YOUR HEALTH INFORMATION
Whenever you visit Fishkind and Bakewell Eye Care and Surgery Center, a record of your visit is made. The record typically contains your symptoms, examination and test results, diagnoses, treatment, and a plan for future care. This notice describes the information we collect, and how and when we use or disclose that information. It also describes your rights as they relate to your protected health information.

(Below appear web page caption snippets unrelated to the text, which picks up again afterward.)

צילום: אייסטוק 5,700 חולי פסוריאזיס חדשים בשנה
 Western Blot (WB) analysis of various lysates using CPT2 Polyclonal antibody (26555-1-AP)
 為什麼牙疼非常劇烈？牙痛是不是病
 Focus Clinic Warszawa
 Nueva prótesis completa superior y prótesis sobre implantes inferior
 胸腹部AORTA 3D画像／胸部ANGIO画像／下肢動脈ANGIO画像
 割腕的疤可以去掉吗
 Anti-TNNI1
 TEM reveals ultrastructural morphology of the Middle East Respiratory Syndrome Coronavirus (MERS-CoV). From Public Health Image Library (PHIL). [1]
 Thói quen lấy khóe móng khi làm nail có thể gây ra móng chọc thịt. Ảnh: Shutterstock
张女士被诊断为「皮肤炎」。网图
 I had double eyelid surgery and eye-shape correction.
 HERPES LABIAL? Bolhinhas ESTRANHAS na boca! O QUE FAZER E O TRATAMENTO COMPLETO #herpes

This Policy includes:
- Any health care professional authorized to enter information into
your chart including but not limited to anesthesiologists, pain control
physicians and locum tenens physicians.
- All areas of the Practice (front desk, administration, surgery center,
billing and collection, etc.)
- All employees, staff and other personnel that work for or with our
Practice.
- Our business associates, on-call physicians, and so on.
We understand that your medical information is personal to you, and we are committed to protecting the information about you. Your record about your health is necessary to provide for your care and to comply with certain legal requirements. We are required by law to:
- Maintain the privacy of your health information.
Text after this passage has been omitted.